The Hudson River Valley is one of the most beautiful and weirdest places in the entire world, and I'd love to retire there, and able to go into the city by train on the weekends.

In regards to your comment about how all women want a brute that women tame with love, I'm inclined to think that you're right and that's a fantasy with a lot of power for women. Every girl thinks they can "change" a bad boy or an animal and have them show a different side.

In fact, one story I've always thought as having lots of sexual power is Tarzan. Here's a wild man (appropriately beardless and godlike) that is squeezed into a suit and a haircut by love of a woman. You could fill a library with all the romance novels that are a variation of Tarzan.

I guess the desire here is to have a man that is valorous and dangerous, but to "settle" them and turn them away from a dangerous life. But if the shit hits the fan, he can still save you and the kids.

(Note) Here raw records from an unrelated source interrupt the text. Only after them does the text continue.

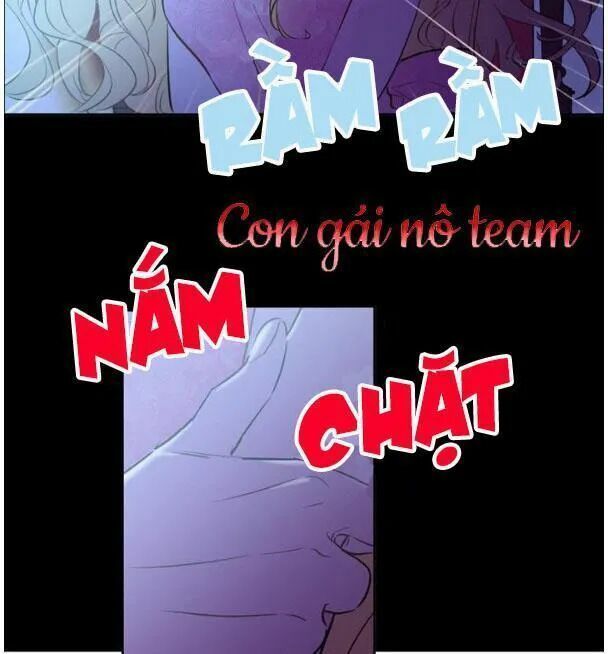 một ngày nọ tôi bỗng thành nàng công chúa chapter 15 40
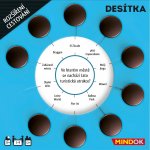 Desítka rozšíření Cestování – Zboží Živě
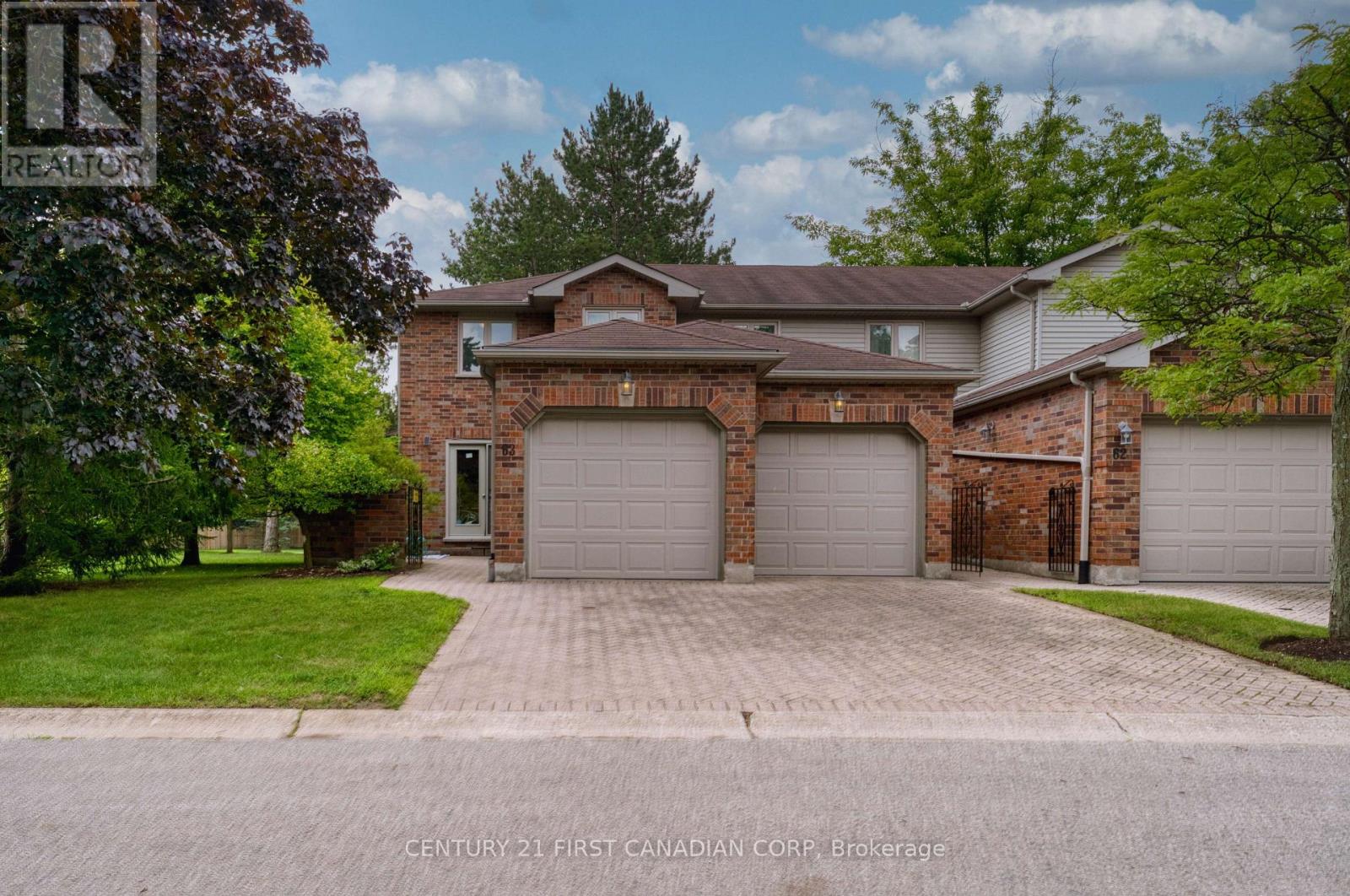 63 - 70 SUNNYSIDE DRIVE, London North (North G)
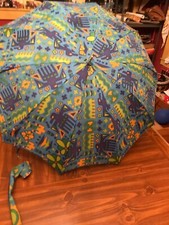 Nice blue multi for sale  Waynesboro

I was just thinking about the common female fantasy of cops or firefighters - alpha males. In Roman times, women used to coo over gladiators, even if they were ugly, but just because of their "dangerous" job.

As for me, I personally like big handsome brutes, but it's interesting how the majority of my dating history has been skinny hipster intellectual types I can connect to.

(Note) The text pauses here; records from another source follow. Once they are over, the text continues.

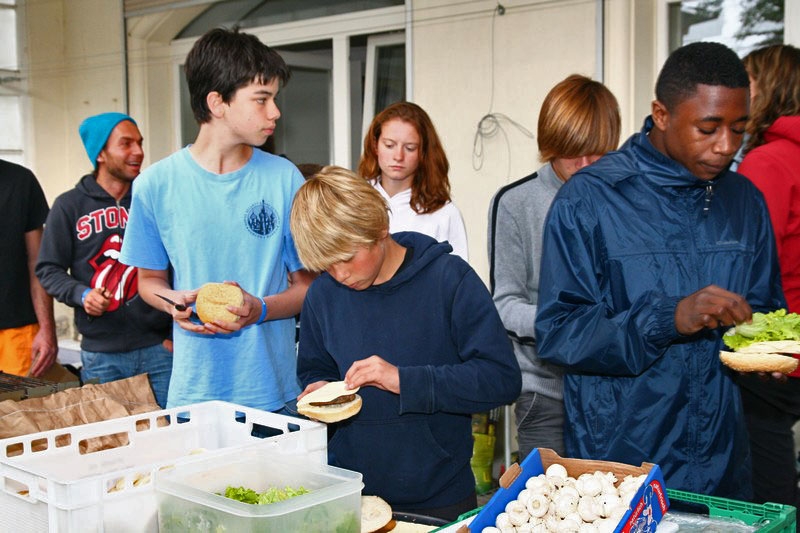 Village Camps International Summer Camp Leysin, Switzerland 2026-08-15 https://www.villagecamps.com/journals_admin/images/396-22-IMG_3965.jpg
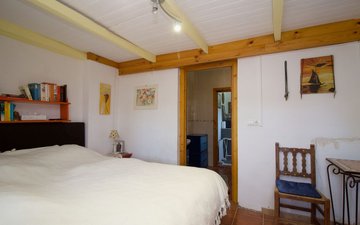 Property slide 33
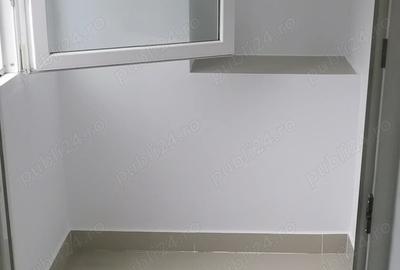 Inchiriere garsoniera zona Tudor, Tg. Mures - 1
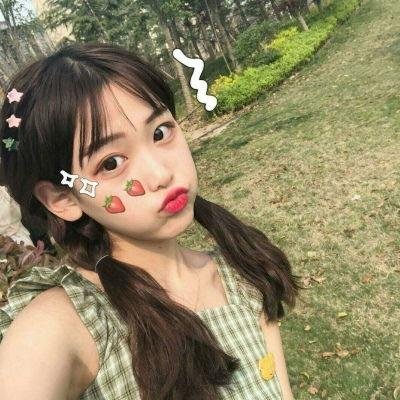 青春大反抗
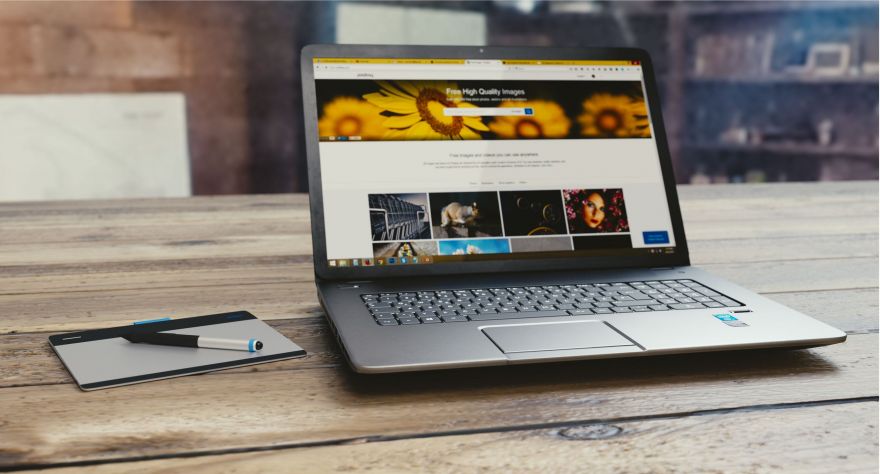 Freelance yapılabilecek işler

In fact, I have a feeling my tastes are duplicated among other women. A very common type of romance novel has this basic plot: a heroine crashes on an island with a goofy nerd, who rises to the occasion and protects her (and in the process gets all hot and suntanned and buff).

One characteristic of female romance fantasies that men don't understand is the capacity for disassociation. I personally fantasize about muscle studs and Tarzan, but date Topher Grace types. Just because a woman has a fantasy doesn't mean she'd want it in real life.

In that sense, it isn't really a conflict, just like you can drive a Honda for the gas mileage but dream about a Lamborghini Countach. And if I was Ichabod's gal, I'd go for him. Especially if he's played by Johnny Depp.

Michael said...

E Grrl - thanks for commenting. I was kinda thinking about you when I was posting this.

The Tarzan archetype runs deep. I used to love EGB novels. I have a great story about Tarzan:

I was on holiday in Costa Rica, and I befriended some classic A-gay California boys, one of which was especially prime beefcake. I wasn't even close to any of their league, but they invited me on a river rafting "expedition" of a Costa Rica river, probably because they needed a fourth. Anyway, it was a fabulous trip, full of waterfalls, orchids and a few dangerous rocks. Our guide quickly called the buff one "Tarzan", and he loved it, but truth be told, Tarzan was all looks, and no action. When we needed a strong arm at the paddle, he was NOT it. He paddled like a girl, no offense. So I'm the skinny geek with glasses, paddling my heart out, because I'm the only one on board (besides the guide) who seems to understand that this is not just a Disney ride and that a capsize is something we REALLY want to avoid. In other words, posers are great, but they are WORTHLESS if they can't back it up!